A l'époque où la sublime héroïne babie, Tahirih, secouait le joug de siècles
d'oppression masculine, une jeune Française, Aurore Dupin, protestait à travers
ses romans contre l'organisation sociale et plaidait pour l'émancipation des
femmes. Vers les années quarante, elle s'enthousiasma pour les idées socialistes
et publia alors des romans reflétant son mysticisme humanitaire. D'aucuns affirment
qu'elle fut la première féministe. Voulant égaler les hommes de façon radicale,
cette "Minerve" s'habilla comme eux (les pantalons féminins n'ont été admis
en France que bien après la Deuxième Guerre mondiale et leur port n'est toujours
pas légal!), coupa ses cheveux et fuma le cigare. Ses compatriotes la connaissent
mieux sous son nom masculin: George Sand. Les femmes se distinguent particulièrement
dans le mouvement baha'i. Sans hésitation, elles l'ont porté aux quatre coins
de la terre. L'archétype "apostolique" est une Américaine, Martha Root, ancienne
institutrice devenue journaliste qui parcourut inlassablement le monde et réussit
a convertir la reine Marie de Roumanie à cette nouvelle Foi en 1926. C' est
également un groupe de femmes exceptionnelles qui implantèrent cette Cause en
France. A Paris, en 1899. Parmi elles, May Maxwell, dont la fille vint présider
une Conférence Internationale Baha'ie au Palais des Congrès à Paris en 1976.
Conférence réunissant sept mille participants. Les religions précédentes n'ont
jamais accorde l'égalité à la femme.
"Femmes, soyez soumises à vos maris comme au Seigneur" (Ephésiens, 5 : 22),
"l'homme est le chef de la femme" (1 Corinthiens, 11:3), "Je ne permets pas
à la femme de prendre de l'autorité sur l'homme" (1 Thimotée, 2:12). Chez les
juifs et les musulmans comme chez les chrétiens, la femme doit se soumettre.
Mais aujourd'hui, dans l'ère nouvelle qui s'ouvre, la Justice divine exige que
les droits des deux sexes soient également respectés puisque, au regard de Dieu"
aucun des deux n'est supérieur à l'autre. Pour Dieu, la dignité ne dépend pas
du sexe mais de la pureté et de l'éclat du coeur.
La misogynie du christianisme doit être attribuée à Paul et non au Christ.
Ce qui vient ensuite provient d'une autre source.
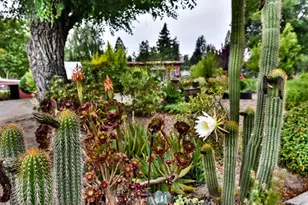 704 Bloomfield Rd, Sebastopol, CA 95472 - Photo 43
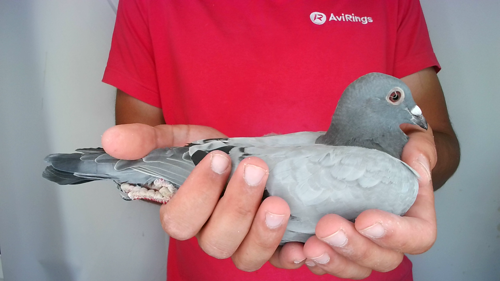 Pigeon image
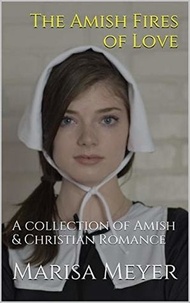  Marisa Meyer - The Amish Fires of Love.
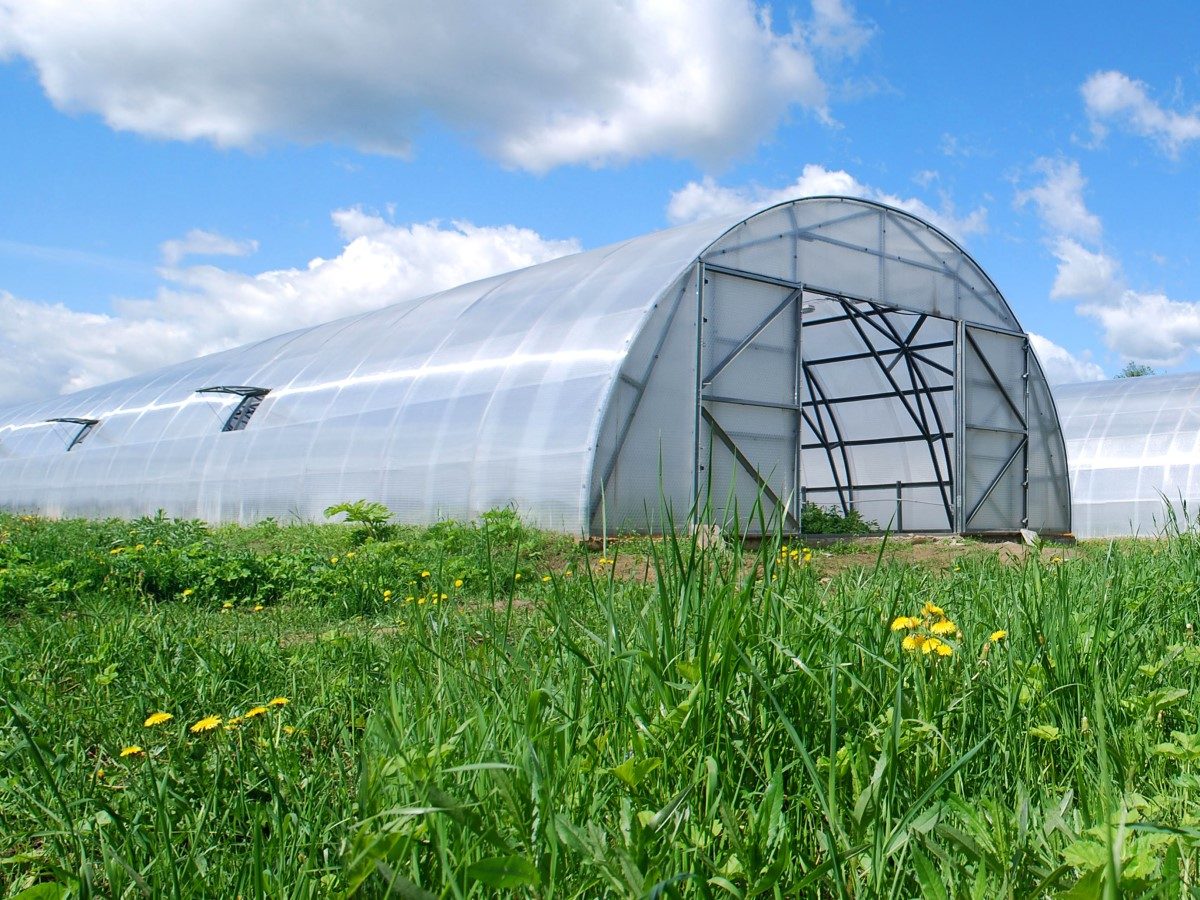 Farmer 75 - 15 m2/2 m FORLÆNGELSE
Dans
des sociétés férocement dominées par les hommes, les grands éducateurs ont toujours
cherche à relever le statut des femmes, mais cela ne pouvait être fait tout
d'un coup.
Mahomet, contrairement à l'idée répandue en Occident, a donne un statut à la
femme arabe, traitée jusqu'alors au même titre que le bétail. Elle était si
dépréciée que les Arabes de l'époque enterraient leurs petites filles vivantes.
Les lois coraniques lui donnèrent des garanties. Elles limitent, par exemple,
le nombre d'épouses à quatre et incitent à la monogamie: "Si vous craignez encore
d'être injustes, n'en épousez qu'une seule" (4 3) Ce sont les textes chrétiens
qui ne limitent pas le nombre d'épouses!
Aujourd'hui, les écrits du prisonnier d'Akko ont clairement sonne l'heure de
l'égalité entre l'homme et la femme. Les effets en sont de plus en plus notoires.
Dans le passé le monde a été gouverné par la force et l'homme a dominé la femme
en raison des caractéristiques plus impétueuses et plus agressives inhérentes
tant à son cerveau qu'à sa constitution. Mais la balance penche déjà; la force
perd de sa prépondérance et la vivacité d'esprit, l'intuition, les qualités
spirituelles d'amour et de dévouement caractérisant la femme acquièrent de plus
en plus d'ascendant.
Aussi, l'âge nouveau sera-t-il un âge moins masculin et plus imprégné des idéaux
féminins ou, pour parler plus exactement, un âge au cours duquel les éléments
féminins et masculins de la civilisation se trouveront dans un juste équilibre.